Bir sonbahar manzarası. Şehrin ortasında kendine yetmeye çalışan kocaman bir parkın kendini aşıp içindekileri dışa vurması, taşması. Harikulade manzara, bir yanımız yaprak dökümü, diğer yanımız yazdan kalma bir gün. Ama aslında mevsimi gelmiş; yapraklar usulca yere düşüyor, toprağı incitmek istemiyor. Güneş, kuru ağaçların serin dalları arasından sızıyor, hayata can vermeye yetmiyor gücü. Çimenler ıslak, yapraklar nemli, sararmış bir kalbin yüz hatları görünüyor gölgelerde.
Hayatın son düzlüğünde yokuşu tırmanıyor birkaç ihtiyar. Solmuş yapraklar gibi saçları kızıl ve yorgun. Sadece kuşlar bozuyor dünyanın büyüsünü, uçarak çelişki yaratıyorlar kırışmış alınlarda. Bir kedi dolanıyor sonra hayatın ayaklarıarasında, bağ kurmuyor, sonsuzluğa bir düğüm bağlıyor adeta. Umduğunu bulamıyor çekip gidiyor, kim bulmuş ki zaten umduğunu, insanlar deniz olmadan umman olmak istiyor.
Ağaç altlarında güvercinler pahalı ıslak ekmeğe üşüşmüşler, onlar da yenik düşmüş yoksulluğa. Gagalarında ekmek kırıntısı, kulaklarında insan gürültüsü, bir gün daha fazla yaşamalıyım kaygısıyla sağa sola bakıyorlar. Şehrin izbe sokakları, günün erken saatleri gibi ürkek. Güvercinlerin kendini güvensiz hissettiği evlerin çatılarının altındaysa kimse severek ve güvenle büyümüyor. Hor kullanıyor hayat herkesi. İnsanlar göbek yağı bağlasa da ruhsal olarak çok zayıf. Fit denemeyecek kadar mekanik bir estetik peşindeler. Bakışları keskin, bilinçaltları fazlasıyla karanlık. Hırslarından kıl aldırmıyor burunları, fazlasıyla havailer.
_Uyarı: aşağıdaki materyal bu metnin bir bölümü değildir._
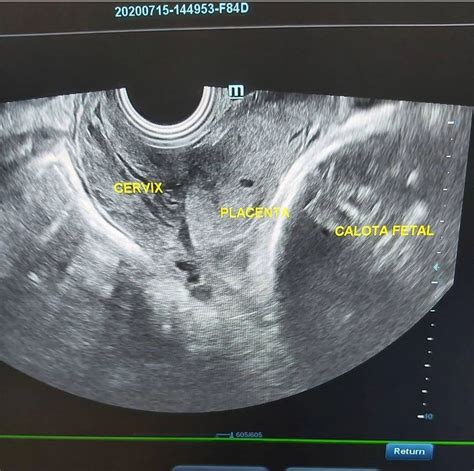 Ecografia che mostra una placenta con calcificazioni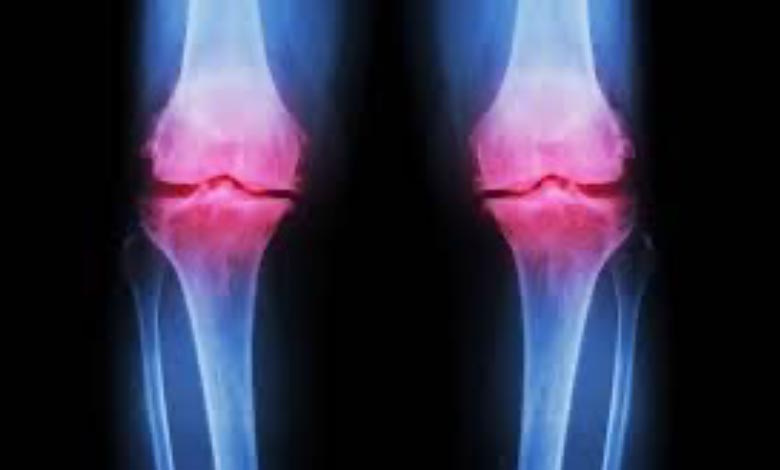 Different-types-of-pain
Yine de umutsuzluğa yer yok, zaman sakin, işinin ehli, sonbaharı telaşlı kuru bir dala çevirmesinden belli. Bir sonbahar klasiği her yerde, yine Beethoven deva her derde. Ah, ahlar ağacı bile yapraklarını döküyor. Bir yanda Didem Madak, diğer yanda Moon Light Sonata. Chopin’in kalbinden Spring Waltz akıyor; kulakları kızarmış, kulaklıkları ısıtmış. Başka bir ses daha dolduruyor iki büklüm kalmış gölgelerin gövdesini, orada da acı acı Komitas çalıyor.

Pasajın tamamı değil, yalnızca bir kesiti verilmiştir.